However, Cuvier’s theory was completely overthrown sixty years ago by the geologists, led by Charles Lyell, the most distinguished worker in this field of science. Lyell proved in his famous Principles of Geology (1830) that the theory was false, in so far as it concerned the crust of the earth; that it was totally unnecessary to bring in supernatural agencies or general catastrophes in order to explain the structure and formation of the mountains; and that we can explain them by the familiar agencies which are at work to-day in altering and reconstructing the surface of the earth. These causes are—the action of the atmosphere and water in its various forms (snow, ice, fog, rain, the wear of the river, and the stormy ocean), and the volcanic action which is exerted by the molten central mass. Lyell convincingly proved that these natural causes are quite adequate to explain every feature in the build and formation of the crust. Hence Cuvier’s theory of cataclysms was very soon driven out of the province of geology, though it remained for another thirty years in undisputed authority in biology. All the zoologists and botanists who gave any thought to the question of the origin of organisms adhered to Cuvier’s erroneous idea of revolutions and new creations.

In order to illustrate the complete stagnancy of biology from 1830 to 1859 on the question of the origin of the various species of animals and plants, I may say, from my own experience, that during the whole of my university studies I never heard a single word said about this most important problem of the science. I was fortunate enough at that time (1852–1857) to have the most distinguished masters for every branch of biological science.
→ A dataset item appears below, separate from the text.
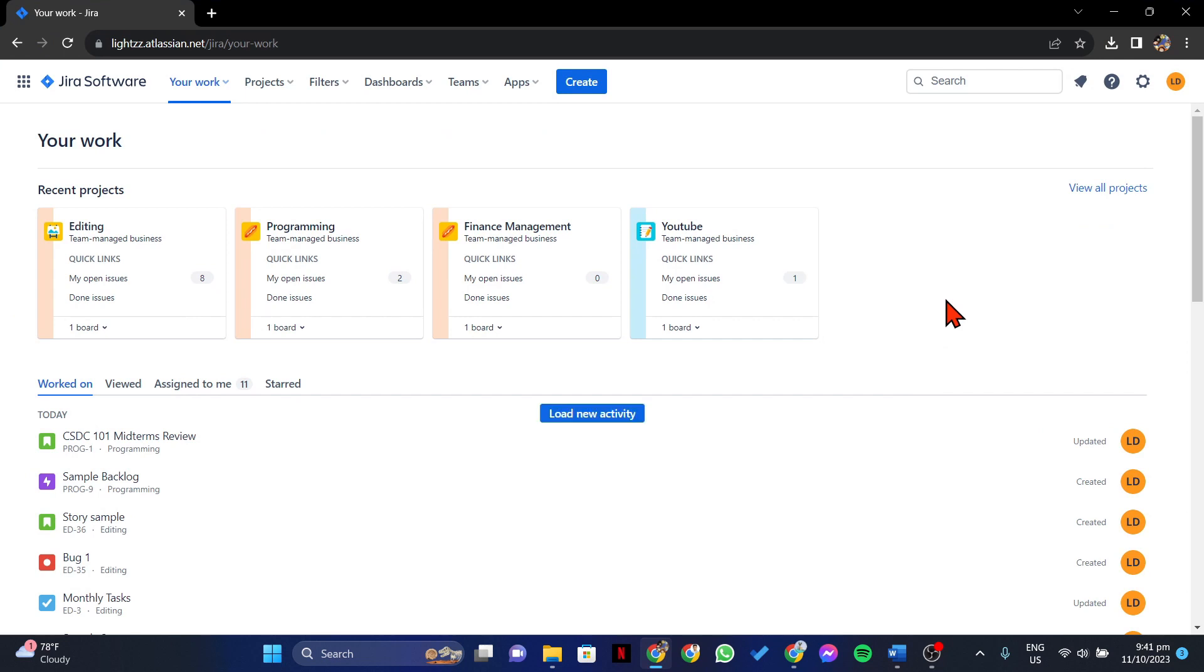Once you're logged in, go to the project issue for which you want to change the reporter. So click on the project's name in this dashboard.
Not one of them ever mentioned this question of the origin of species. Not a word was ever said about the earlier efforts to understand the formation of living things, nor about Lamarck’s Philosophie Zoologique which had made a fresh attack on the problem in 1809. Hence it is easy to understand the enormous opposition that Darwin encountered when he took up the question for the first time. His views seemed to float in the air, without a single previous effort to support them. The whole question of the formation of living things was considered by biologists, until 1859, as pertaining to the province of religion and transcendentalism; even in speculative philosophy, in which the question had been approached from various sides, no one had ventured to give it serious treatment. This was due to the dualistic system of Immanuel Kant, who taught a natural system of evolution as far as the inorganic world was concerned; but, on the whole, adopted a supernaturalist system as regards the origin of living things. He even went so far as to say: “It is quite certain that we cannot even satisfactorily understand, much less explain, the nature of an organism and its internal forces on purely mechanical principles; it is so certain, indeed, that we may confidently say: ‘It is absurd for a man to imagine even that some day a Newton will arise who will explain the origin of a single blade of grass by natural laws not controlled by design’—such a hope is entirely forbidden us.” In these words Kant definitely adopts the dualistic and teleological point of view for biological science.
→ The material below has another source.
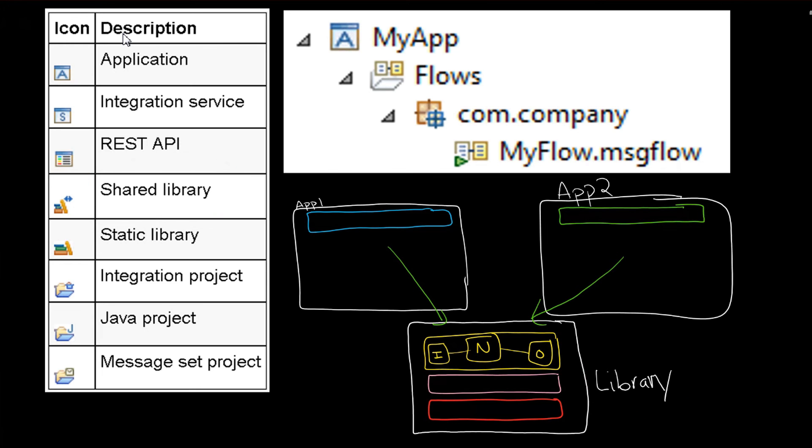And keep in mind that although I've been drawing this as flows, again, remember you have ESQL involved here, you have message definitions, you have maps, and you have Java as well. So you're really able to share a lot of information through a library.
Nevertheless, Kant deserted this point of view at times, particularly in several remarkable passages which I have dealt with at length in my Natural History of Creation (chap. v), where he expresses himself in the opposite, or monistic, sense. In fact, these passages would justify one, as I showed, in claiming his support for the theory of evolution. However, these monistic passages are only stray gleams of light; as a rule, Kant adheres in biology to the obscure dualistic ideas, according to which the forces at work in inorganic nature are quite different from those of the organic world. This dualistic system prevails in academic philosophy to-day—most of our philosophers still regarding these two provinces as totally distinct. They put, on the one side, the inorganic or “lifeless” world, in which there are at work only mechanical laws, acting necessarily and without design; and, on the other, the province of organic nature, in which none of the phenomena can be properly understood, either as regards their inner nature or their origin, except in the light of preconceived design, carried out by final or purposive causes.

The prevalence of this unfortunate dualistic prejudice prevented the problem of the origin of species, and the connected question of the origin of man, from being regarded by the bulk of people as a scientific question at all until 1859. Nevertheless, a few distinguished students, free from the current prejudice, began, at the commencement of the nineteenth century, to make a serious attack on the problem. The merit of this attaches particularly to what is known as “the older school of natural philosophy,” which has been so much misrepresented, and which included Jean Lamarck, Buffon, Geoffroy St. Hilaire, and Blainville in France; Wolfgang Goethe, Reinhold Treviranus, Schelling, and Lorentz Oken in Germany [and Erasmus Darwin in England].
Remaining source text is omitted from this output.